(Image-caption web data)
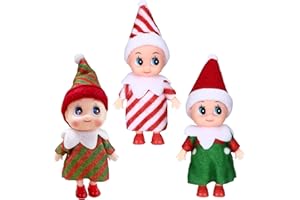 DIELIANHUA 3 Pcs Elfo Muñeco, Figuras de Elfos de Navidad, Regalos Navideños para Niños y Niñas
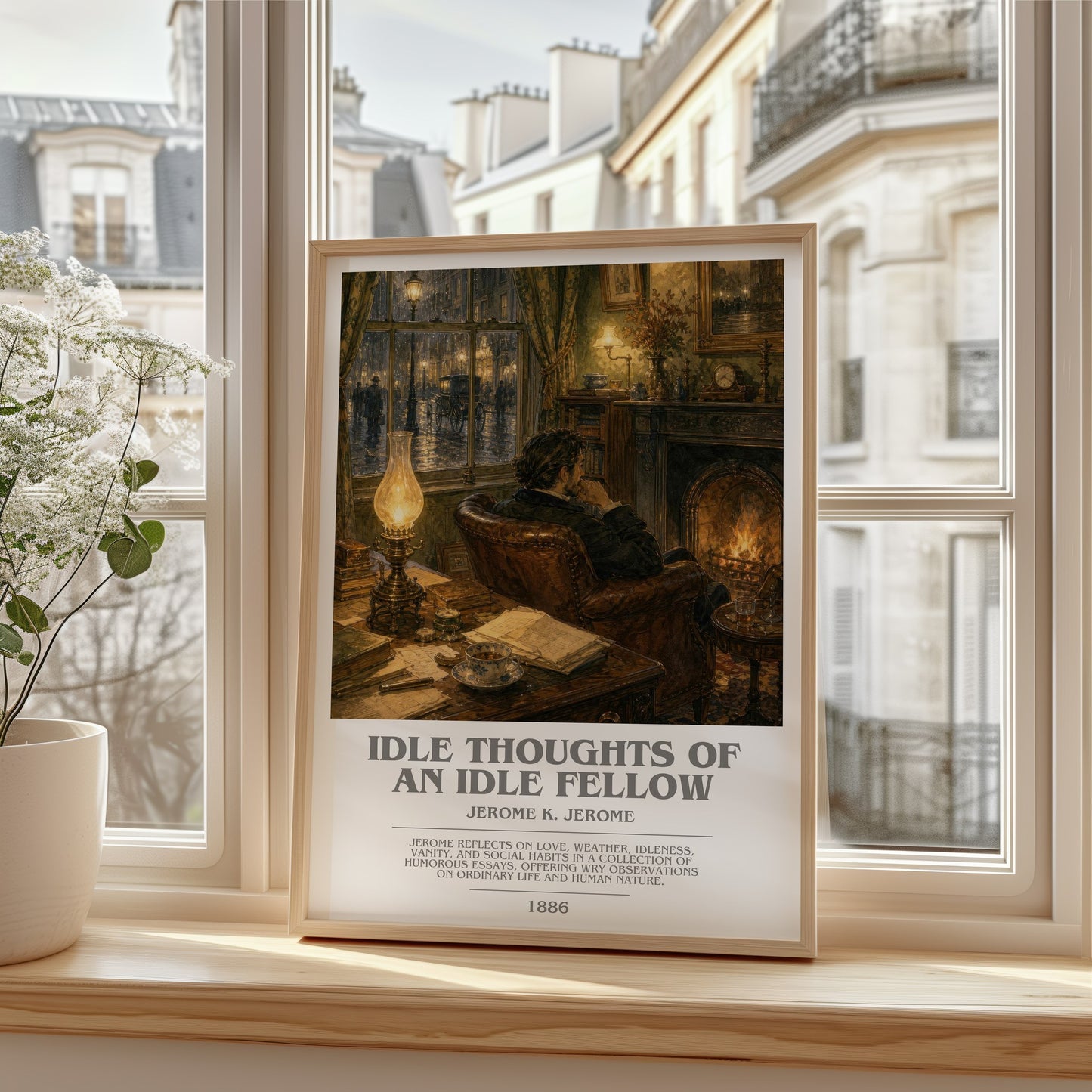 Idle Thoughts Of An Idle Fellow bookish poster colour and style options – Jerome K. Jerome book art
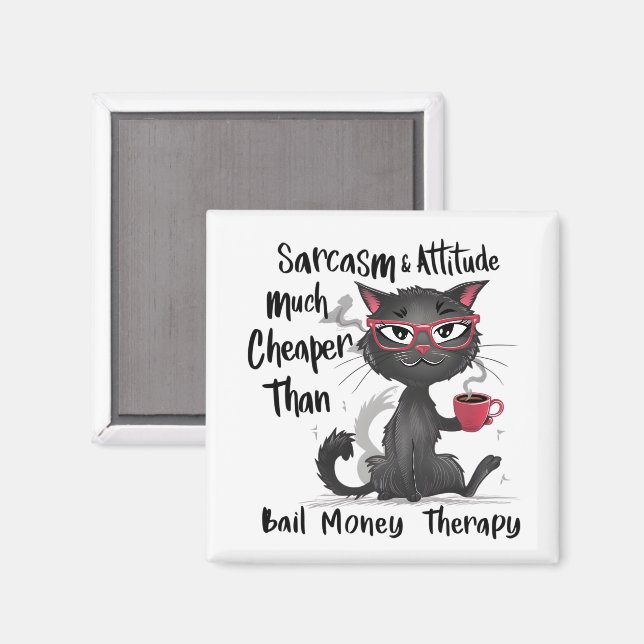 Íman Presente engraçado para amantes de gatos com sarca (Front/Back)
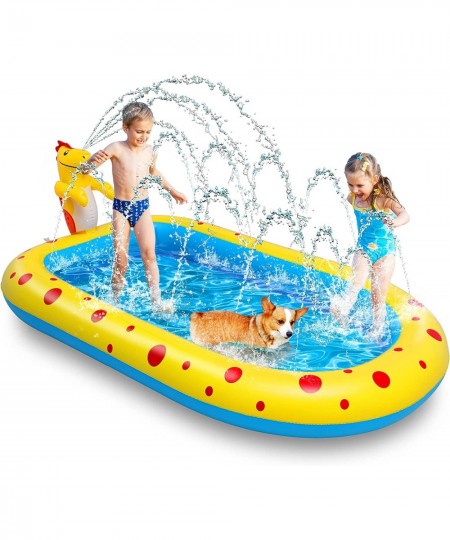 Kiddie Pool with Sprinkler Toddler Pool for Backyard Water Play Outdoor Summer Water Toys Gifts for Boys and Girls 67"x 40.5 ...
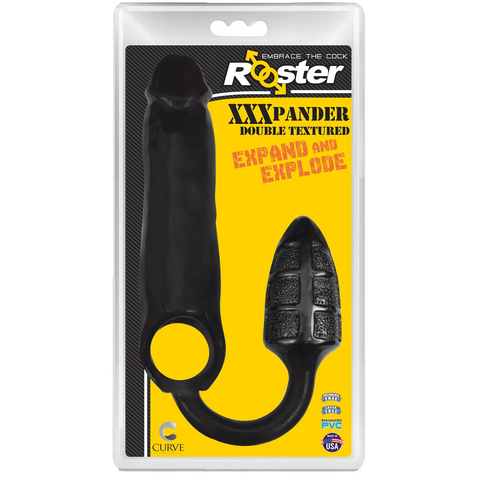 Rooster XXXPander Sheath with Double Textured Plug - Black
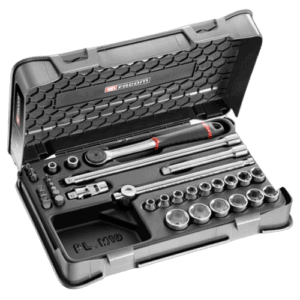 Facom 35-piece 3/8" metric 6-point socket and bit set in a durable case, ideal for professional automotive and mechanical work.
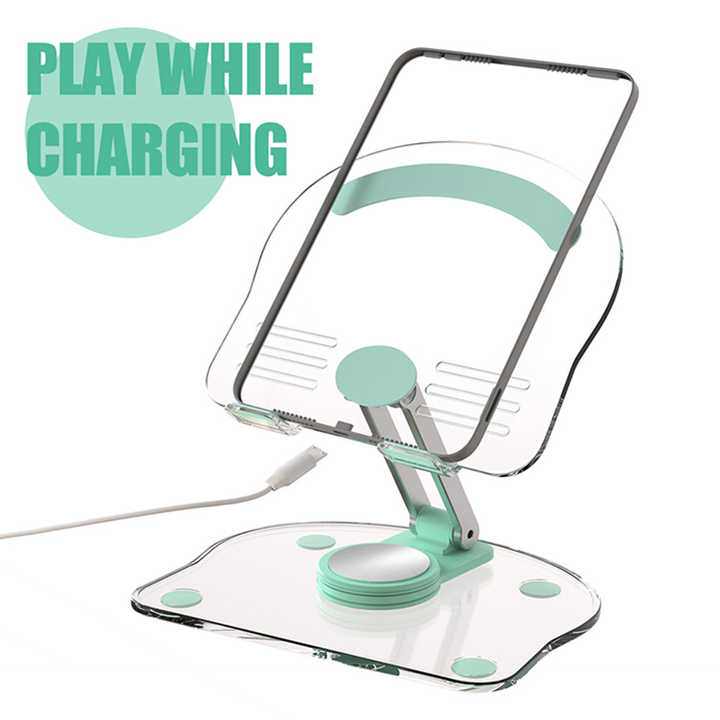 Black Acrylic Foldable Tablet stand with a clear acrylic platform, black frame and mint-green accents, shown supporting a tablet
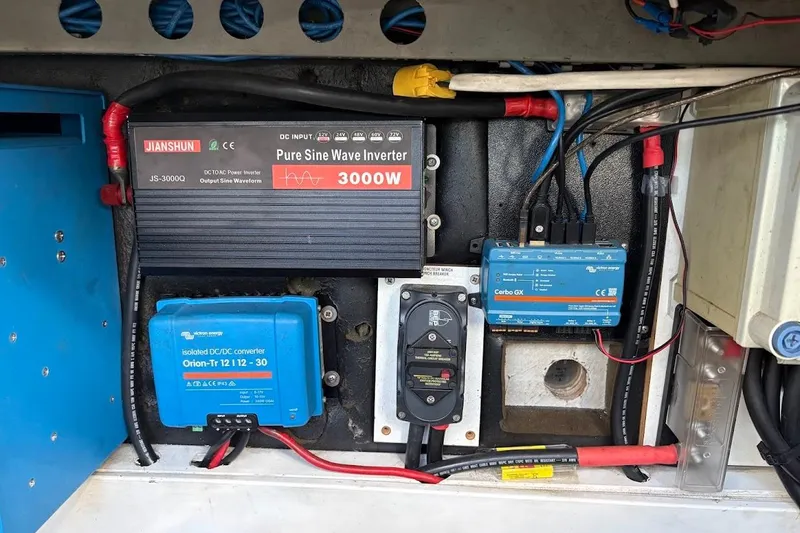 Slide: The Image of Electrical system components on a 2015 Fountaine Pajot SABA 50 catamaran. - 20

The problem
Reproduce exactly, with every picture left out, the lines from the one that contains "Kiddie Pool with" to the final line of the records above.

Task response
 Kiddie Pool with Sprinkler Toddler Pool for Backyard Water Play Outdoor Summer Water Toys Gifts for Boys and Girls 67"x 40.5 ...
 Rooster XXXPander Sheath with Double Textured Plug - Black
 Facom 35-piece 3/8" metric 6-point socket and bit set in a durable case, ideal for professional automotive and mechanical work.
 Black Acrylic Foldable Tablet stand with a clear acrylic platform, black frame and mint-green accents, shown supporting a tablet
 Slide: The Image of Electrical system components on a 2015 Fountaine Pajot SABA 50 catamaran. - 20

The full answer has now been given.